Les deux propositions de résolution ne sont donc pas recevables dans la mesure où elles prévoient que la commission d'enquête dont elles proposent la création aurait à étudier « les responsabilités en cause » (proposition de résolution n° 567) ou « les conditions » de la fermeture de l'usine (proposition de résolution n° 568).

Votre rapporteur a donc le regret de vous appeler à les rejeter.

EXAMEN EN COMMISSION

Lors de sa réunion du 28 mai 2003, la Commission a examiné, sur le rapport de M. Claude Gatignol, les propositions de résolution :

- de M. Alain Bocquet (n° 567 rectifié) tendant à la création d'une commission d'enquête chargée d'examiner les causes et conséquences de la décision de fermeture du site de Noyelles-Godault (Pas-de-Calais), prise unilatéralement par le groupe industriel Métaleurop, ainsi que les responsabilités sociales et financières qu'il lui appartient d'assumer,

- de M. Jean-Jacques Guillet (n° 568) tendant à créer une commission d'enquête sur les conditions de fermeture de l'usine Métaleurop de Noyelles-Godault, ses conséquences sociales et environnementales et sur les responsabilités de ses dirigeants et actionnaires.
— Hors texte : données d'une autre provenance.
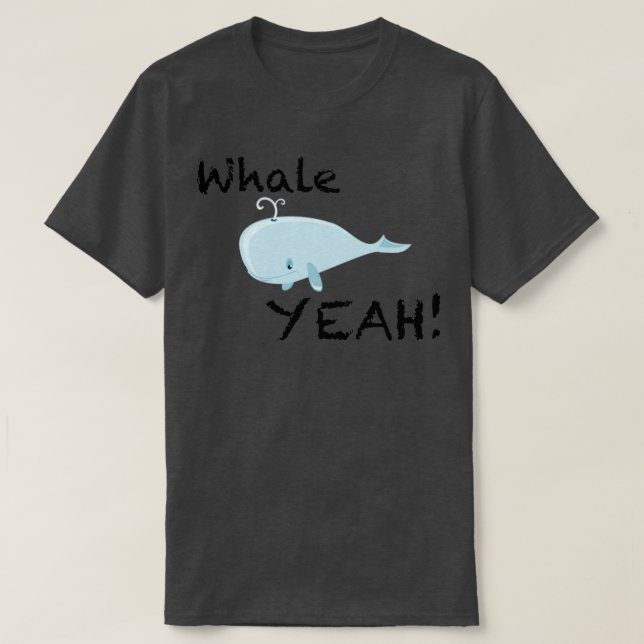 Camiseta Baleia Sim (Frente do Design)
Après l'exposé du rapporteur, M. Daniel Paul, s'exprimant au nom du groupe Député-e-s communistes et républicains, a tout d'abord souligné que « l'affaire Metaleurop » était symbolique de la dégradation de la situation dans certains bassins industriels. Il a ainsi rappelé la situation préoccupante du site de Noyelles-Godault en termes de pollution des sols après plus de 100 ans de rejets de plomb et de titanium.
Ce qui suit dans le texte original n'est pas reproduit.